Methodist Bishop blasts gov’t over economy

President-John-MahamaThe Methodist Bishop of the Obuasi Diocese, Rt. Rev. Stephen R. Bosomtwe-Ayensu, has condemned attitudes and behaviours of the government and its officers which have rendered the nation “bankrupt”.

Speaking at the 16th Annual Synod of the church in the gold-mining town of Obuasi, the Methodist Clergy said: “Let us all be thankful to God that the real state of Ghana’s economy is well told. It is published that the economy of our dear country is down to the bones, but the question is, who ate the flesh, and where were the guards when the meat was being eaten?”

He said President John Dramani Mahama and officials of his administration owed the people of Ghana an explanation.

The Methodist Bishop continued: “I strongly believe that some Ghanaians know the eaters, and since government cannot do it all alone, why would Ghanaians not be bold, and for the sake of the betterment of Ghana, expose those choppers to return the leftovers to the national coffers.”

Rt. Rev. Bosomtwe-Ayensu said since the government had failed to guard against certain behaviours and attitudes of officers of the administration which “have rendered this nation bankrupt, it now behooves on each and every one of us to work harder to put some flesh on these bones, to enable the economy live again.”

While encouraging Ghanaians to work harder to improve the country’s economy, the Methodist Bishop asked the government to ensure that the needs of striking members of various national institutions were met.

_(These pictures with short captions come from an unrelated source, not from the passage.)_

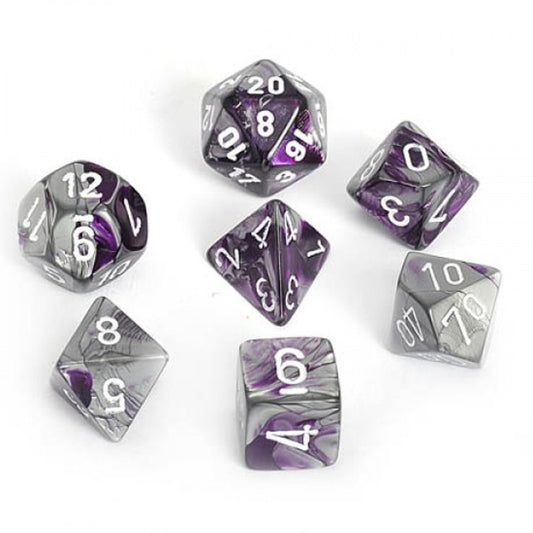 CHESSEX 7 DIE POLYHEDRAL DICE SET: GEMINI PURPLE STEEL WITH WHITE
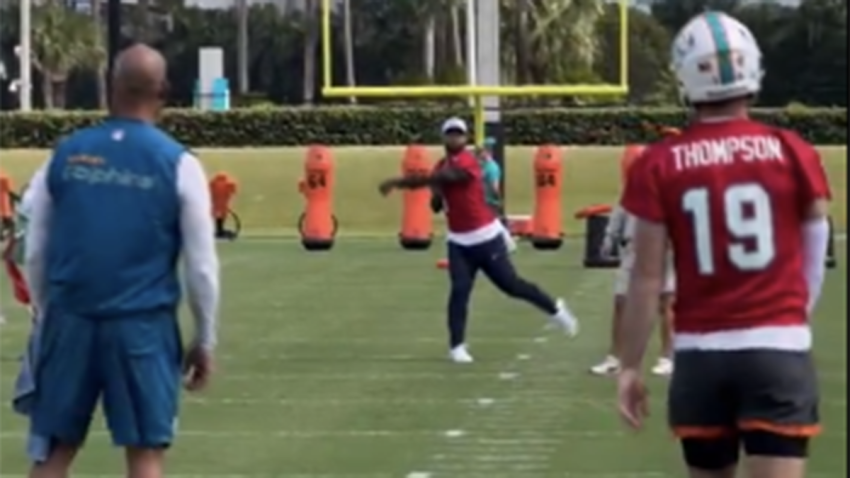 Miami Dolphins quarterback Tua Tagovailoa resturns to practice on Oct. 23, 2024.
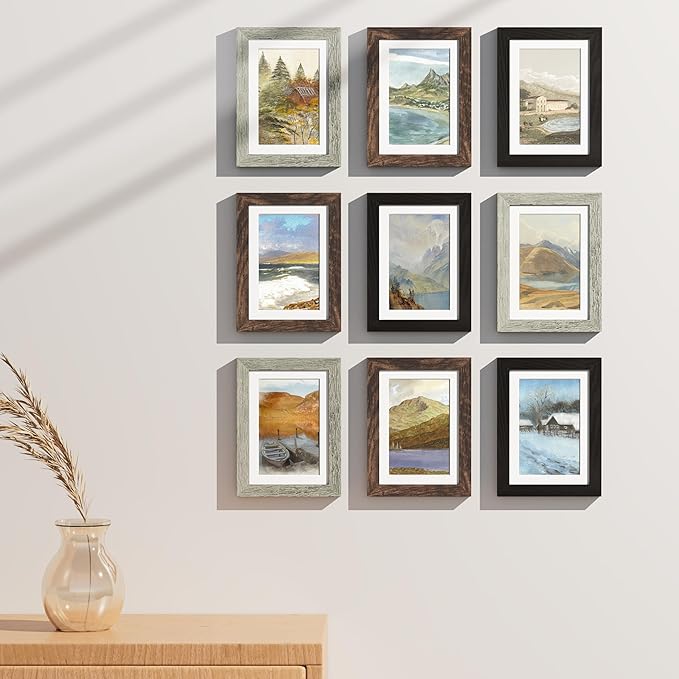 Vittanly 5x7 Picture Frames Set of 9, Display 4x6 Pictures with Mat or 5x7 without Mat, Photo Frames for Wall or Tabletop with Plexiglass, Engineered Wood, Black&Brown&Grey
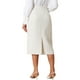 thumbnail image 3 of Faldas midi de trabajo con cremallera y espalda dividida de tweed a cuadros para mujeres INSPIRE CHIC M Blanca, 3 of 6
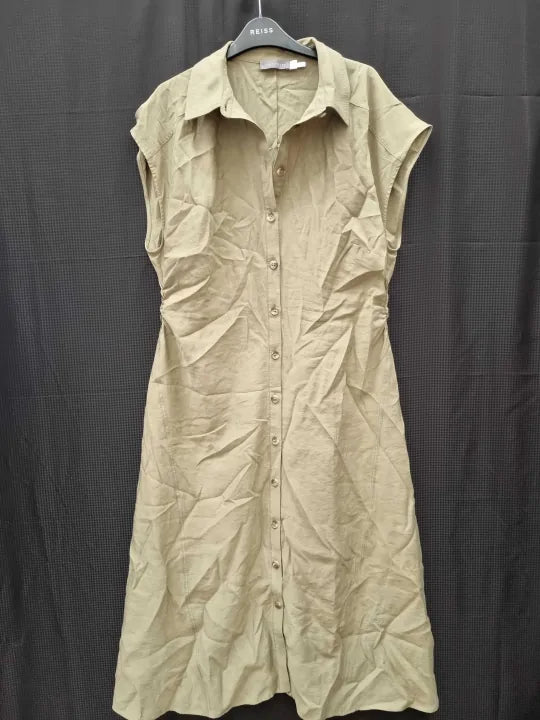 Mint Velvet Ruched Shirt Midi Dress Size: Uk 16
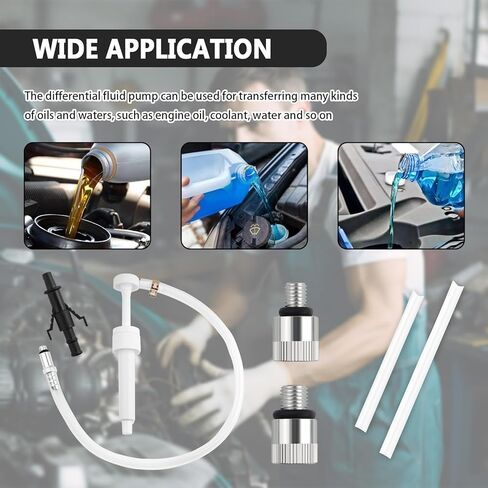 Transmission Fluid Pump Kit with 3/8" Swivel,Lower Unit Gear Oil Pump Kit Includes 8mm & 10mm Adapters/Suction Tube,Multi-Purpose Differential Fluid Pumps Kits for Oil Transfer in Kuwait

“It is amazing and disturbing to hear that the bones, which we think are of no use, are also being fought over and packed into other people’s car boots. Synod will plead with the ‘Powers-that-be’ that if the bones were there at all, give some portions to members of the various striking institutions.”

On the ongoing galamsey menace, the Rt. Rev. Bosomtwe-Ayensu asked the government to consider the legalisation of illegal mining (galamsey) activities for the benefit of the youth in the country.

He observed that the situation, where foreigners, especially Chinese, have taken the leadership positions in the business was not the best for the country and its youth.

In his State of the Nation Address to Parliament last February, President John Dramani Mahama said the economy was up to the bare-bones.

It emerged that the government overspent its budget by GH¢8.7 billion cedis. Even the Presidential budget overshot its target by as much as GH¢600 million in 2012.